*Try it*:
Transcribe each line of the material exactly as it stands.
── Supplied data ──
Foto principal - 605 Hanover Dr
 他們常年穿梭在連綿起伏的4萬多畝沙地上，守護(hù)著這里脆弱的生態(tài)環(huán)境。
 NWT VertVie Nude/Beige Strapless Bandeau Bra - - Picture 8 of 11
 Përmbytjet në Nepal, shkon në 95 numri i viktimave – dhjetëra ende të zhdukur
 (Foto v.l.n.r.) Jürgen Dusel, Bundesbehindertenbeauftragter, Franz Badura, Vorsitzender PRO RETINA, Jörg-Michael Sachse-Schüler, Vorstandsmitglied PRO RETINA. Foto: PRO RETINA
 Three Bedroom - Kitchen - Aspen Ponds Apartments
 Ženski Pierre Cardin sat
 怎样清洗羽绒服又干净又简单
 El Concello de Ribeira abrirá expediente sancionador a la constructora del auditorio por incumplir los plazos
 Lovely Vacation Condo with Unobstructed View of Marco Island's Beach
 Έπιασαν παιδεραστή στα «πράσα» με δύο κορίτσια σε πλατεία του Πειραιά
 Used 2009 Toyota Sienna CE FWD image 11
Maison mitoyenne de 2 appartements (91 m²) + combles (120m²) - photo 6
───
*Worked solution*:
Foto principal - 605 Hanover Dr
 他們常年穿梭在連綿起伏的4萬多畝沙地上，守護(hù)著這里脆弱的生態(tài)環(huán)境。
 NWT VertVie Nude/Beige Strapless Bandeau Bra - - Picture 8 of 11
 Përmbytjet në Nepal, shkon në 95 numri i viktimave – dhjetëra ende të zhdukur
 (Foto v.l.n.r.) Jürgen Dusel, Bundesbehindertenbeauftragter, Franz Badura, Vorsitzender PRO RETINA, Jörg-Michael Sachse-Schüler, Vorstandsmitglied PRO RETINA. Foto: PRO RETINA
 Three Bedroom - Kitchen - Aspen Ponds Apartments
 Ženski Pierre Cardin sat
 怎样清洗羽绒服又干净又简单
 El Concello de Ribeira abrirá expediente sancionador a la constructora del auditorio por incumplir los plazos
 Lovely Vacation Condo with Unobstructed View of Marco Island's Beach
 Έπιασαν παιδεραστή στα «πράσα» με δύο κορίτσια σε πλατεία του Πειραιά
 Used 2009 Toyota Sienna CE FWD image 11
Maison mitoyenne de 2 appartements (91 m²) + combles (120m²) - photo 6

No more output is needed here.